Figure 4. Assessment of hormone expression patterns in differentiating cells characterized by suboptimal HNF1A or HNF4A levels. (A) Experimental workflow. (B) Selected islet cell markers regulation in HNF1αΔ/+ (pool) following standard in vitro differentiation, identified by a pilot global proteomics experiment. (C) Confocal imaging of insulin (green), glucagon (red) and DAPI (blue) immunofluorescence staining of encapsulated HNF1αΔ/+ and WT cells following transplantation. (D) Manual counting of the proportion of monohormonal glucagon+ cells, monohormonal insulin+ cells and bihormonal glucagon+insulin+ in encapsulated HNF1αΔ/+ and WT samples before and after in vivo exposure (n = 7,8,8,7). (E) Experimental workflow. (F) Confocal imaging of insulin (green), glucagon (red) and DAPI (blue) immunofluorescence staining of encapsulated HNF1αΔ/+ and WT cells following transplantation. (G,H) The proportion of monohormonal glucagon + and monohormonal insulin + cells in HNF4αΔ/+ and WT samples (G) before (n = 9,5,9,5) and after (H) transplantation (n = 26,6,26,6) quantified by Imaris software. (I) The fraction of bihormonal glucagon+ insulin+ cells in HNF4αΔ/+ and WT samples after transplantation (n = 26,6). (J) The fraction of total hormonal+ cells in WT, HNF1αΔ/+ and HNF4αΔ/ + samples after transplantation. Scale bars: 100 μm and 50 μm (high magnifications). Graphs data are shown as mean and SD. *p < 0.05, **p < 0.01, ***p < 0.001, ****p < 0.0001 (Mann–Whitney test). Abbreviations: DEPs, differentially expressed proteins; FC, fold change; WT, wild type; D, mutated allele; S5_WT, control stage 5 cells; S5_HNF1α, Stage 5 cells bearing the HNF1αΔ/WT mutation; WT_postTX, control cells following transplantation, HNF1αΔ/WT _postTX, HNF1αΔ/WT cells after transplant; S5_HNF4α, Stage 5 cells bearing the HNF4αΔ/WT mutation; HNF1αΔ/WT _postTX, HNF1αΔ/WT cells after transplant.

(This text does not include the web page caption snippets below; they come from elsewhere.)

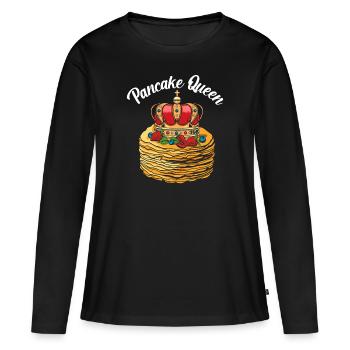 Pancake Queen Breakfast Food Foodie Pancake Maker - Women's Premium Organic Long Sleeve Shirt - black - Front - Julia (174cm)
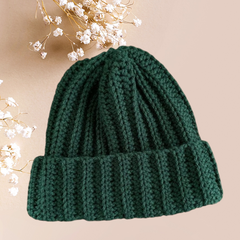 Green  Ribbed Beanie, Unisex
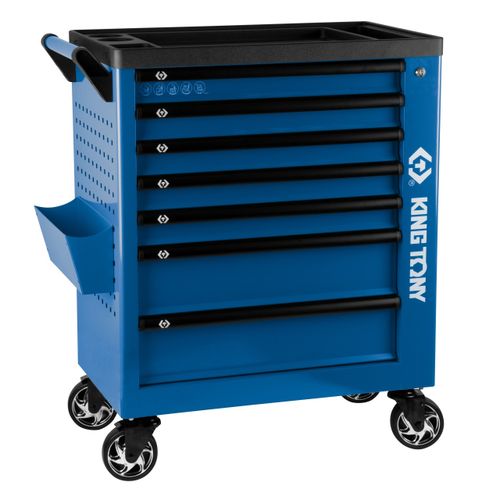 KING TONY (87G38-7B-B) Тележка инструментальная, 7 выдвижных ящиков, "PROFESSIONAL", синяя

Subsequently, the comparison of HNF1αΔ/+_cells and their WT counterparts after xeno-transplantation did not reveal a significant difference in the fraction of monohormonal glucagon+ cells (Figure 4D, first graph). In contrast, the proportion of the monohormonal insulin+ cells displayed a steep decline in the transplanted HNF1αΔ/+ cells (Figure 4D, middle graph). Importantly, the bihormonal fraction decrease observed in the transplanted control was not recapitulated in the HNF1αΔ/+-postTX cells (Figures 4C,D, last graph). Of note, the WT and HNF1AΔ/+ S7-populations exhibited a similar fraction of insulin+NKX6.1+ in two independent planar differentiation rounds (Supplementary Figure S2L).
These results suggest that in vivo exposure promotes the induction of a HNF1A-based mechanism, required for cell fate restriction toward single-hormonal identity possibly by regulating α-cell identity in β-cells.

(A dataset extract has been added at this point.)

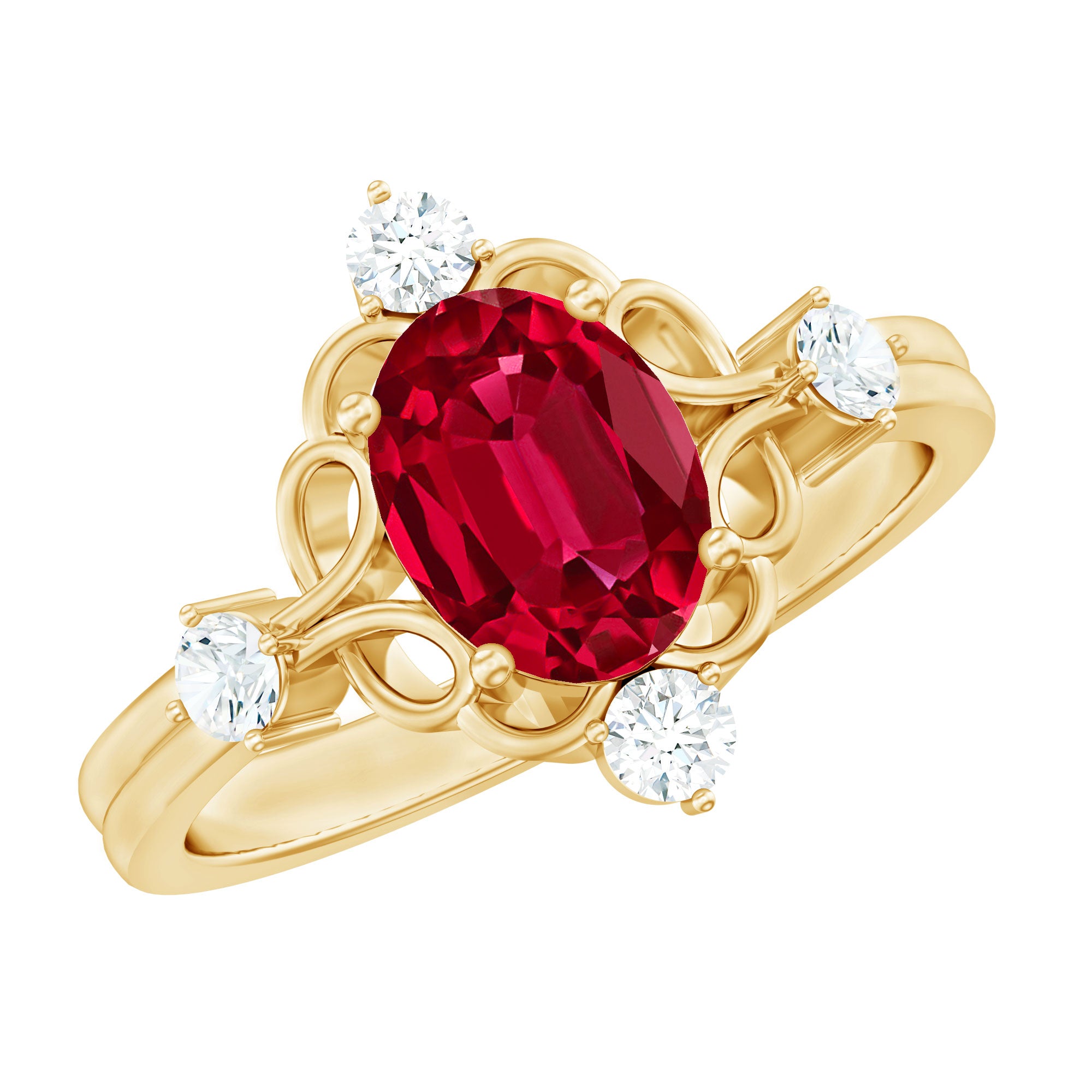Rosec Jewels-Oval Cut Created Ruby Solitaire Cocktail Ring with Diamond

We further investigated the role of HNF4A induction in mediating the observed in vivo effect on cell fate restriction by following the same experimental design as described above (Figures 4E,F). In this case we employed previously generated hiPSCs derived from patients (Vethe et al., 2017) bearing a dominant heterozygous p.Ile271fs mutation in the coding sequence of the HNF4A (Yamagata et al., 1996a; Fajans et al., 2001). Similar to the above rationale, we expect that the in vivo effect mediated induction of HNF4A-based mechanisms will be suboptimal following the transplant. Large-scale imaging microscopy revealed no significant change in the fractions of monohormonal glucagon+, or monohormonal insulin+ cells in HNF4αΔ/+ condition before xenotransplantation (Figure 4G). In contrast, following exposure to the in vivo environment, the percentage of monohormonal insulin+ cells was slightly increased in the transplanted HNF4αΔ/+ samples (Figure 4H). Moreover, the total fraction of bihormonal cells displayed a steep increase as compared to control transplanted cells (Figures 4F,I). These results indicate that HNF4A induction is required for the in vivo effect action on cell fate restriction.

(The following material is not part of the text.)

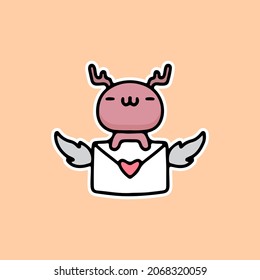 cute deer holding letters with wings. cartoon for sticker.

Of interest, the fraction of hormone+ cells is significantly increased in the HNF4αΔ/+_postTX cells as compared to both the control and HNF1αΔ/+_postTX (Figure 4J). In contrast, in HNF1αΔ/+_postTX the proportion of hormone+ cells is lower than in both control and HNF4αΔ/+_postTX. This result advocates a possible role of the in vivo effect mediated HNF1A and HNF4A induction on endocrine program commitment.
Taken together these data suggest that the host’ in vivo effect requires the induction of both HNF1A and HNF4A in order to restrict and control cell fate selection.
Discussion
Here we investigated the impact of short-term intraperitoneal xenotransplantation of encapsulated pancreatic progenitors. In this study we report that the brief exposure to the in vivo environment is insufficient for boosting the islet cell fraction, yet it is beneficial for cell fate selection as indicated by a steep decrease in the number of bihormonal cells and improved islet proteome signature. Of note, the proportion of bihormonal cells identified in the S7-population was more variable and slightly higher than the one usually reported in the literature (21.81 ± 13.2 vs. 20.2% previously reported in Rezania et al. (2014). This is probably a repercussion of using planar culturing conditions for the entire length of differentiation. We chose this approach in order to avoid the confounding effect caused by the switch to air-liquid interface (i.e. aggregation) characterizing the last two stages of the original differentiation protocol (Rezania et al., 2014).
Several works connected the bihormonal phenotype of the in vitro differentiated cells to their immaturity status. Consequently, the apparently subtle changes determining the cells to exclusively select and express a single islet hormone represent critical steps toward reaching the functionally mature status previously reported after long-term transplantation experiments (Rezania et al., 2014). It is tempting to speculate that the rapid initiation of the underlying cell fate restriction program following in vivo exposure could indicate an innate defense mechanism protecting against the inclusion of aberrant immature cells in adult host organisms. In addition, it should be stated that the significant islet-profile enhancement following transplantation does not necessarily involve a significant functional improvement. Due to the inherent difficulties in properly assessing the functionality of the encapsulated differentiating cells, this particular parameter requires further investigations. Nevertheless, it is, however, expected that a very brief in vivo exposure, such as the one used in this study, will be insufficient to promote any meaningful/detectable improvement in the functionality of the transplanted cells. Indeed, previous studies reported improved functionality and glucose stimulated insulin secretion in similar setups only after about 60 days post xenotransplantation (Rezania et al., 2014; Saber et al., 2018), thus involving longer exposure times.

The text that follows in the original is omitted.